◆ Record set:

=======

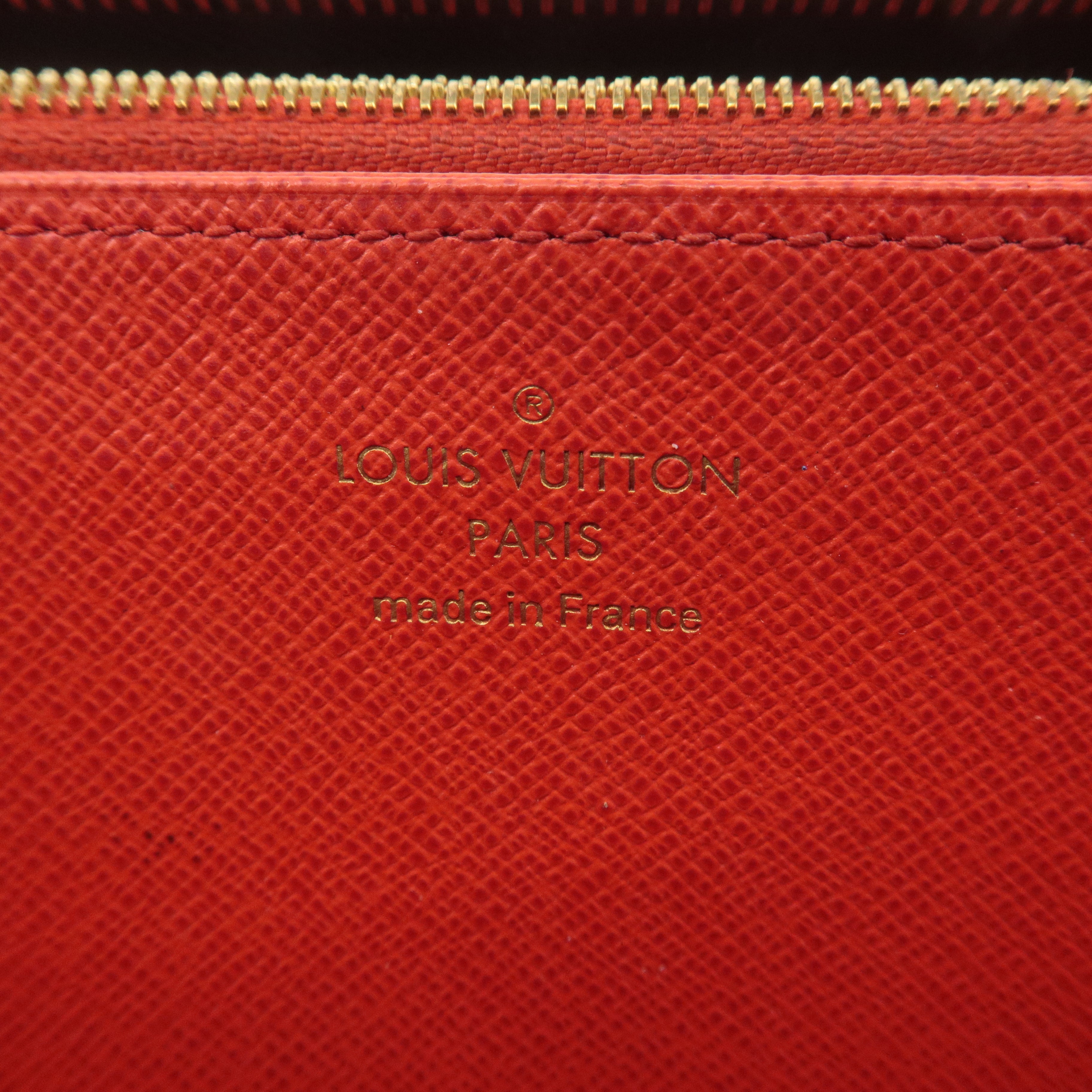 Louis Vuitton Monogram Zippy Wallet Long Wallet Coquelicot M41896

=======

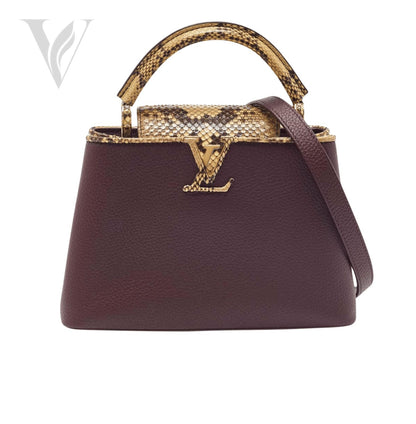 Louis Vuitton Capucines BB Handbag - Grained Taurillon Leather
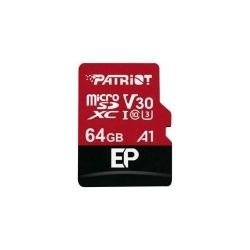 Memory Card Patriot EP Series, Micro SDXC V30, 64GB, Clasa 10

=======

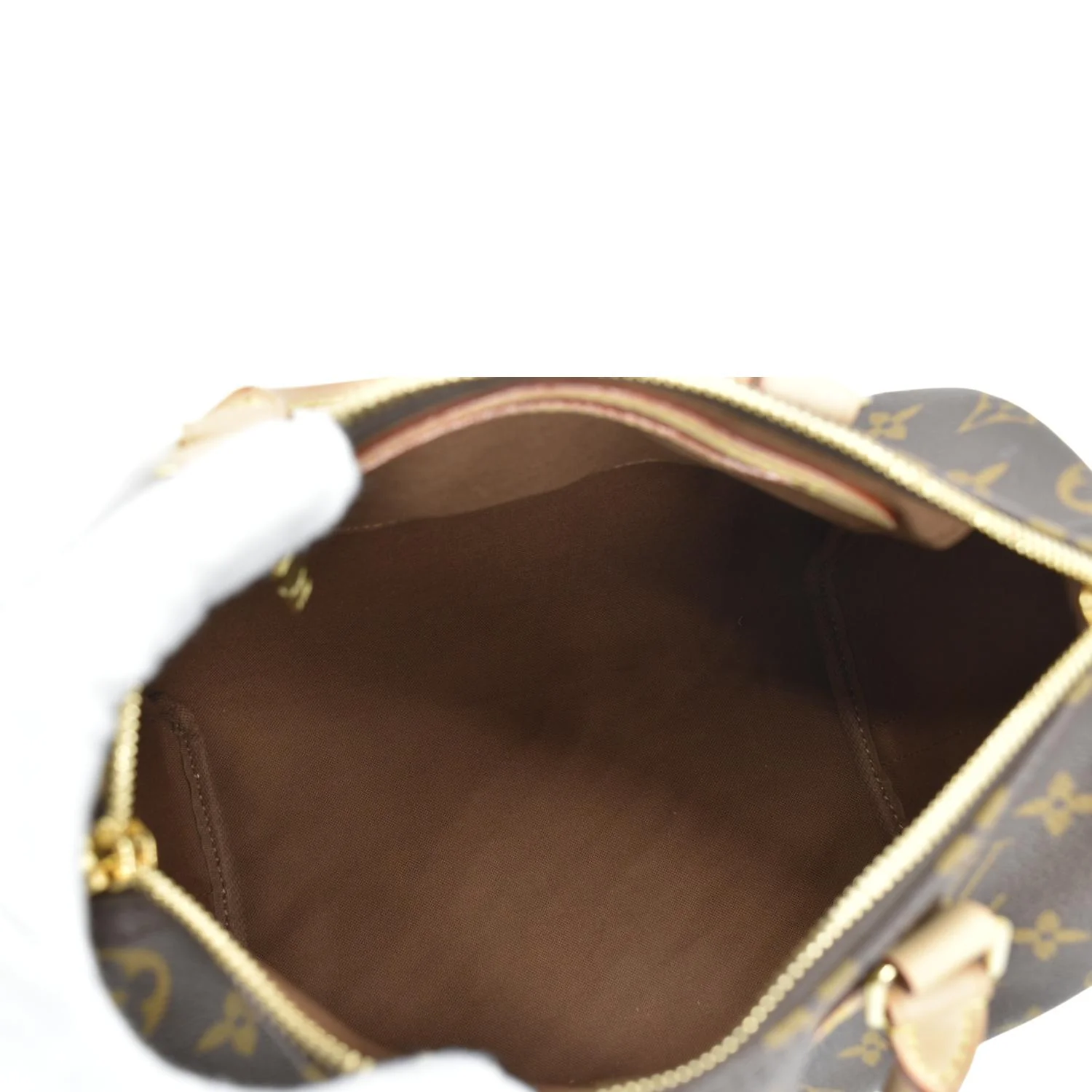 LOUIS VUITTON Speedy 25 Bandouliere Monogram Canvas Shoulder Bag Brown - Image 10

=======

◆ Task item: A word-for-word reproduction is needed of the lines above from the line containing "Louis Vuitton Capucines" through the line containing "Memory Card Patriot", with both ends kept and no pictures.

◆ Completed task:
 Louis Vuitton Capucines BB Handbag - Grained Taurillon Leather
 Memory Card Patriot EP Series, Micro SDXC V30, 64GB, Clasa 10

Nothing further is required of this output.